とても小さな粒状のものが内部を擦る。沢山の粒が予測できない位置に貼りつき、感じる粘膜を微細に刺激する。 どこだ。”私”はどこにいる?気持ちがいい。ひどく気持ちがいい。瞼の奥に星が瞬く。

「や、やがみくっ……そこ、放して、くださいっ……も、もうっ……」

私は性器の根元を押さえる夜神に懇願した。

いや、もうこれは私ではない。ただの肉だ。

「ははっ…イキたい…?駄目だよ、これは嘘ばかりついて僕を侮辱したお仕置きだ…ねえ、すごいよ僕が動く 度にお前のお尻から紅い液体がじゅるじゅる零れて、処女とやってるみたいだ。流河ねえ流河、もう一度 お兄ちゃんって言ってみて…!」

「お兄ちゃん、お願いしますっ…もう、イかせて… イかせて………!!」

肉はあっさりと屈辱の言葉を口にした。

「駄目って言ってるだろ?そんな簡単にイきたいなんて言うはしたない子だったかな?エルは。 行儀が悪いな…じゃあ、ちょっと粗相しない様縛っておこうか」

「や…ーーーーー!!あ、ああーーーーー!!」

制服の紅色のリボンで肉の性器の根元をきつく縛る。肉は苦しそうに嫌々と首を振り続け、頬を涙が伝った。 前への刺激は施されないが後ろは抉られ続け、背筋を甘い疼きが駆け上がるとびくびくと腹筋が震える。

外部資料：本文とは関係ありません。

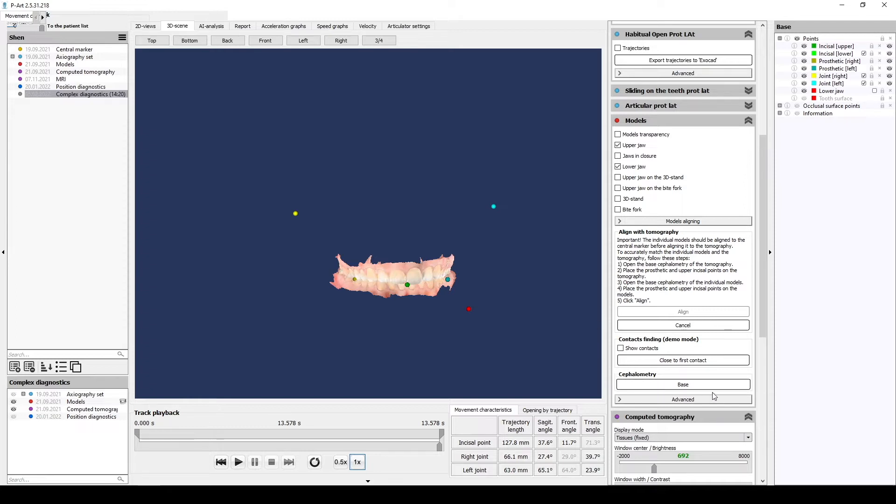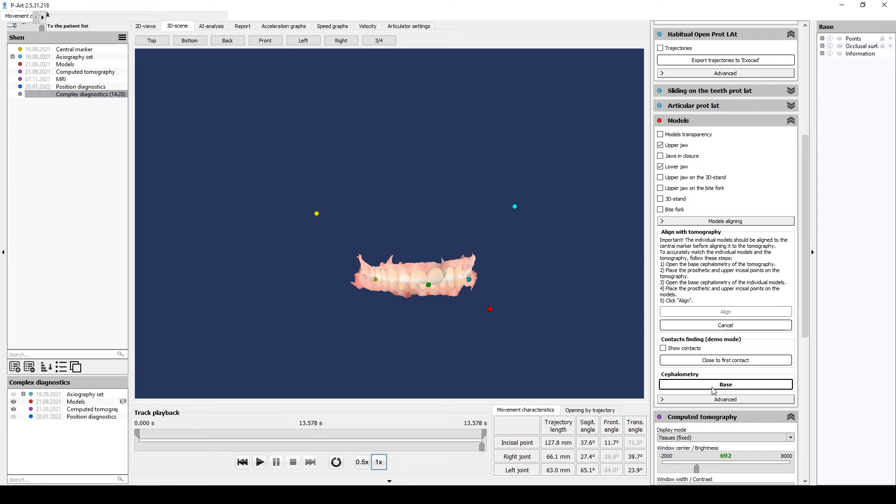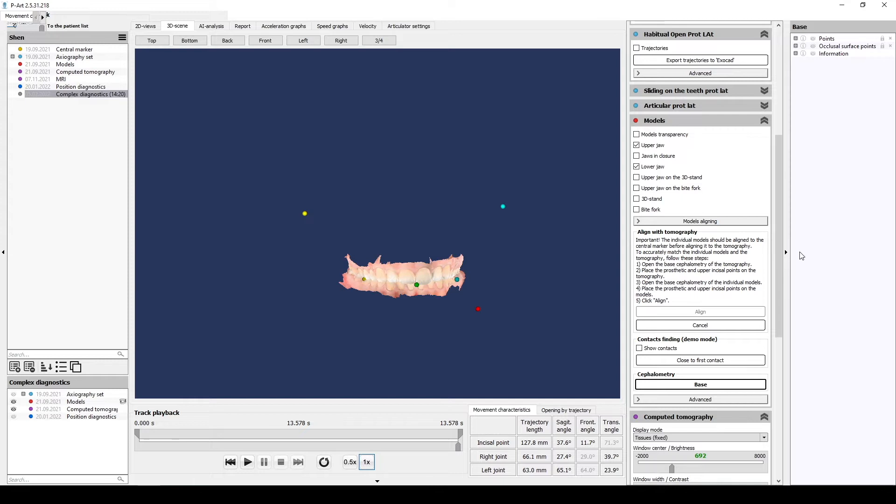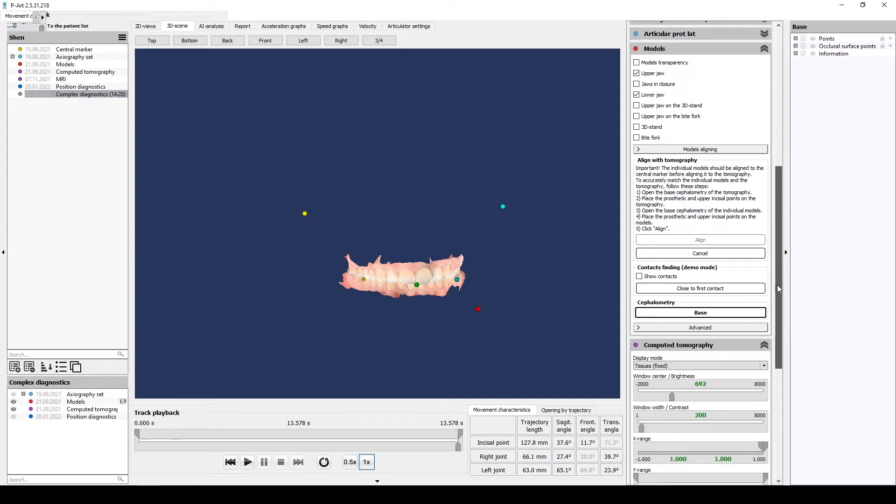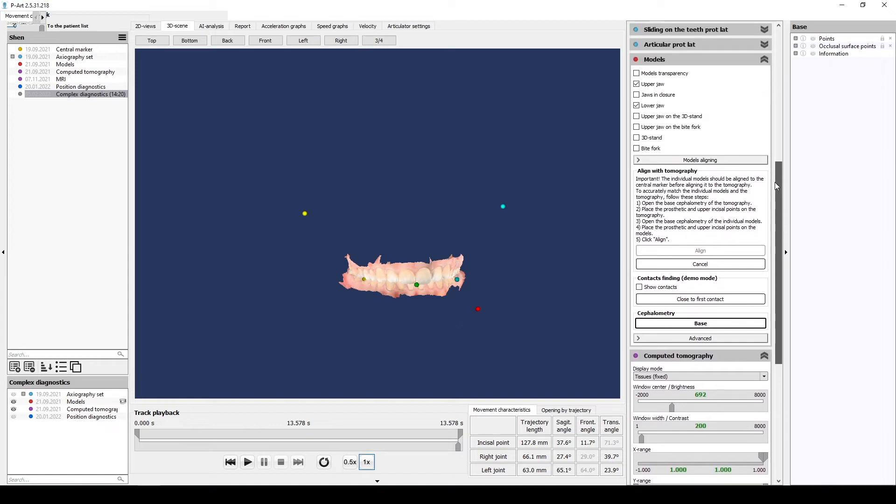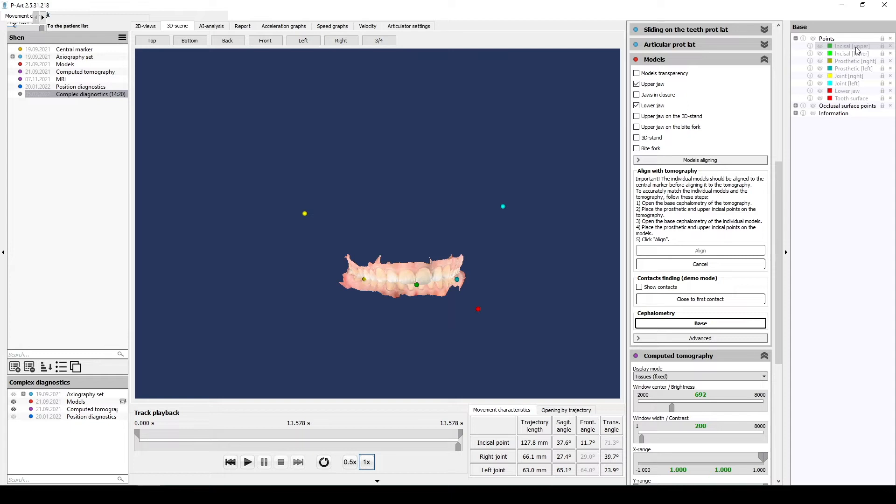Please be very attentive. In the program, we have two base cephalometry: one for tomography, one for models. Do not mix them. You can't take base CEPH from individual models and place them on CT. Now we are in the models section, and base CEPH is for models also.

「エルの中、今きゅっと締まったよ、中でイったんだろ?腸壁がこんなに痙攣して、こんなとこ縛られてるのに 勃起して…なあ、お前はいやらしい変態行為が大好きなんだよ。…この淫乱がっ……!!」

淫乱。そうかもしれない。

脳に瞬く星を見る為なら、今なら何でもできる。何でも言える。

肉は年下の少年を兄と呼び、射精の許可を得ようと嗚咽しながら許しを請う。

もしかしたら本当に自分は抱かれる為にこの部屋を訪れたのだろうか。

だが今はそんな事は考えられない。肉は煌めきだした星をただ瞼の裏に感じていた。